You can then adjust your marketing strategies based on what you know about your segments.
Say you’ve identified a group of 21 to 30-year-old customers who read your online magazine before shopping on your eCommerce site. They tend to complete purchases faster than customers in the same age group who don’t read your online magazine. They also have much lower cart abandonment rates.
One day, your segmentation tool identifies a new customer who fits into the latter group, the non-readers. You know what to do: encourage them to read your online magazine. If your segmentation tool can trigger personalized marketing workflows (or integrates with a software that does), you can recommend content for that customer based on past actions they’ve taken on your site or their interactions with you on social media.
Customer segmentation tools vary in the way they integrate data sources, how much they can scale, and the complexity of their segmentation analyses. Tools may have limited applications, or they may integrate with plenty of marketing and customer engagement tools through APIs.
The marketing, product, and data teams should ideally be involved in the process of choosing a customer segmentation tool. The tool must meet not just your marketing goals but also future needs based on your product roadmap. At the same time, it should be feasible to implement – either as a new system or within your existing data infrastructure – and fit into your budget.
Consider these factors when you evaluate how a customer segmentation tool can help you meet your business goals:
The size of your existing and target markets
Your type of customer (e.g., B2B vs. B2C)
The number and types of channels where your customers interact with you, as well as channels you aim to add in the future
The granularity of data and insights you require
How much business value you expect to gain from automating your customer segmentation process
Basic customer segmentation tools can group customers based on commonly used methods: demographic, psychographic, and geographic. But you need more nuance than that to run effective, personalized customer engagement and marketing campaigns.
Ideally, your tool would perform behavioral analysis based on up-to-date customer engagement data. This is made possible by tools that integrate with a customer data platform (CDP) or a cloud-based CRM.
Let’s go back to the magazine readers in our earlier scenario. A 25-year-old customer visits your website, browses through your selection of running shoes, adds one to their cart, and leaves. The CDP adds those actions to that customer’s profile. If the profile meets the criteria for a certain segment with similar behavioral patterns, the customer gets added to the group.

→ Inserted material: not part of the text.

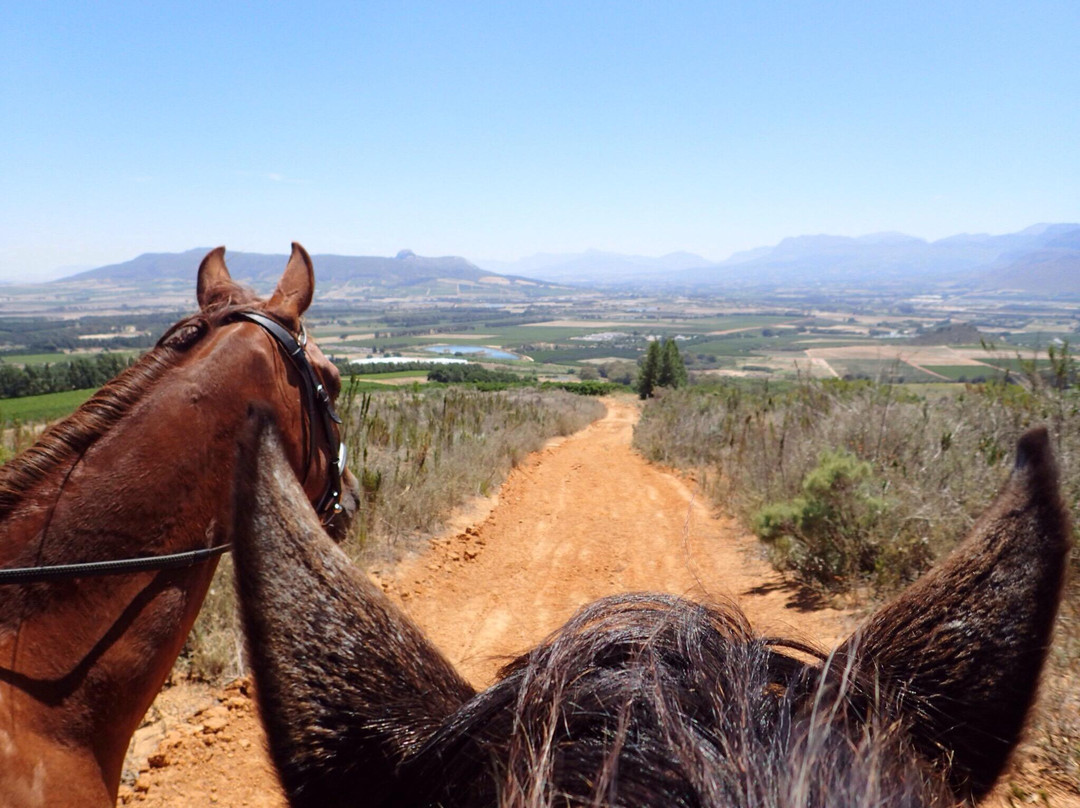 Horse Riding Cape Town景点图片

You may also use other customer segmentation models like value-based and needs-based – so you need to check that your tool supports these models or allows you to customize the models for more granular groupings. Consider an AI-driven tool that can identify new possible segmentation methods based on similarities among customers.

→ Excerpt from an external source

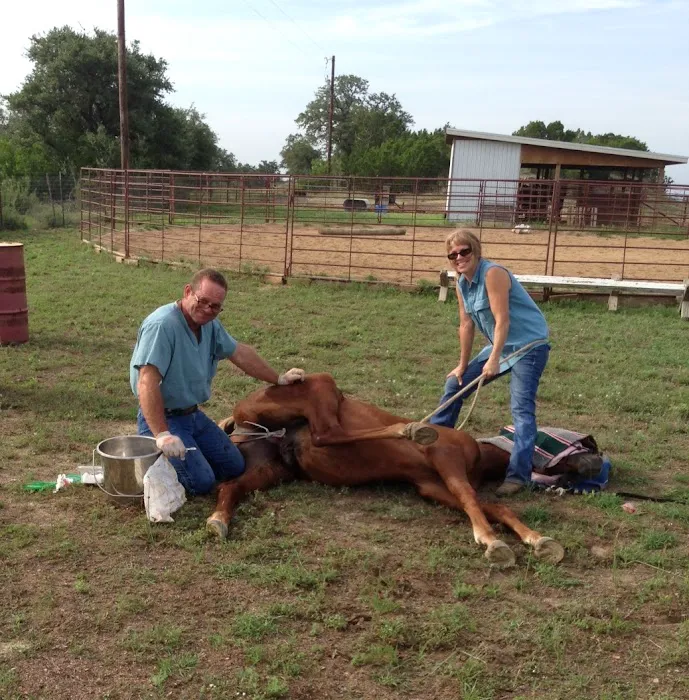 Fry Equine Health Mobile Large Animal Veterinarian 9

For instance, you may unearth the shared traits of high intent customers – those who are highly engaged and have the potential to become long-term, high-value customers. Once a customer checks all those boxes, the tool automatically adds them to that group.

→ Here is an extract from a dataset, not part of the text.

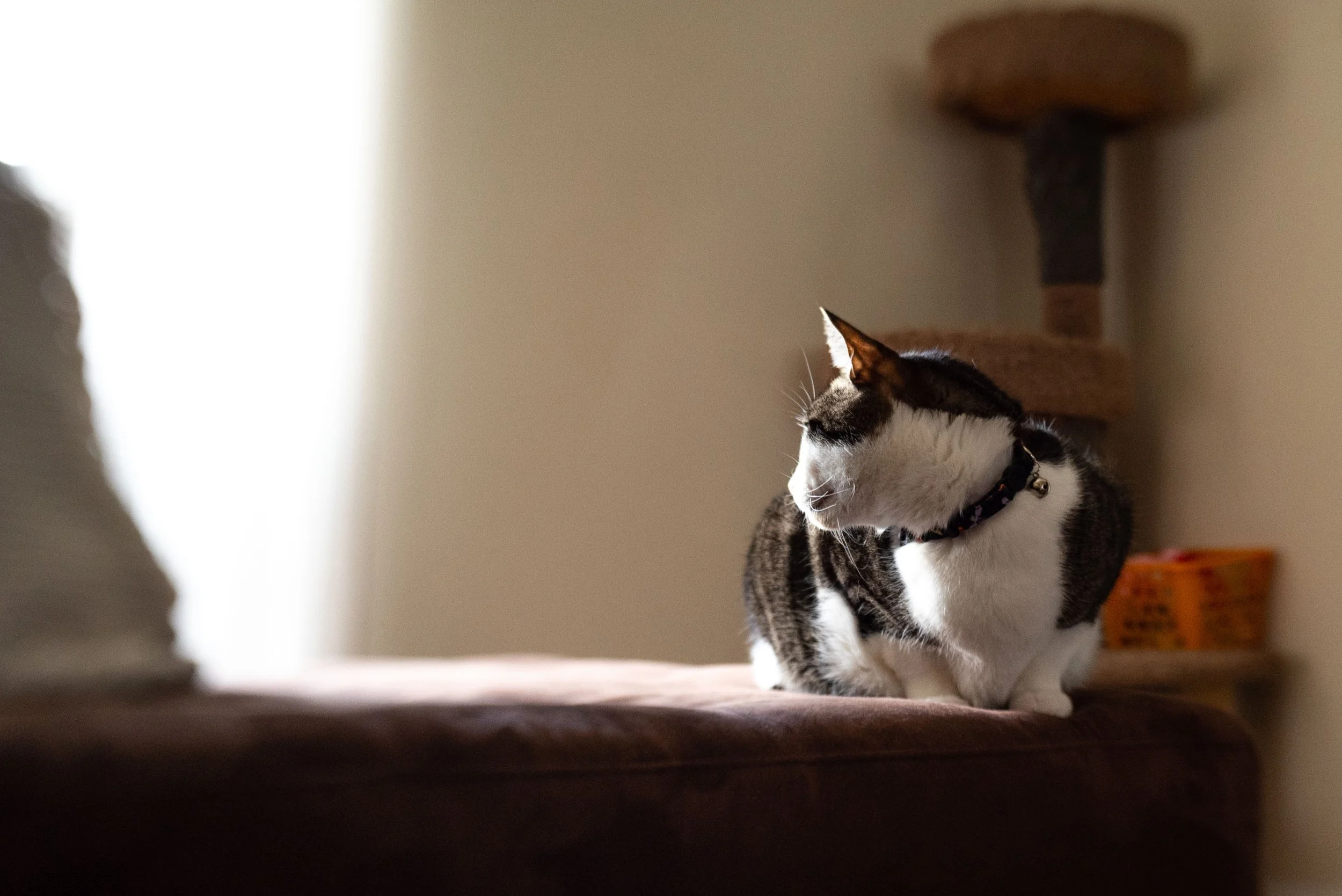 Oz in the Light
-Ian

The types of software that can be integrated with your segmentation tool will also have an impact on the depth and granularity of your segmentation analysis. For example, if you want to find groups of customers who have complained about your brand on the web and on social media, you’d look for the ability to integrate with a social listening and sentiment analysis tool like Social Mention or Qualtrics.
A customer segmentation tool should either come with descriptive analytics or integrate with an analytics tool so you can see how each segment has performed over time.
You can then see how customer retention and value have changed and spot groups that will likely have a long relationship with your business and a high lifetime value. You can also identify larger trends in each segment’s behavior over the years – for example, shopping more frequently during summer or buying more from brick-and-mortar stores in December.
Such information will guide you in planning your marketing strategies and budgets and in projecting ROI for specific campaigns.
Segmentation simply defines and describes groups of customers, but it doesn’t activate the data for use in marketing campaigns. Some tools like Personas, though, can trigger marketing workflows the moment a customer meets the criteria for a given segment.
Marketing platforms with built-in segmentation tools can do this, too. Mailchimp lets you design email campaigns around customer segments, while Sprout Social does the same for social media ads.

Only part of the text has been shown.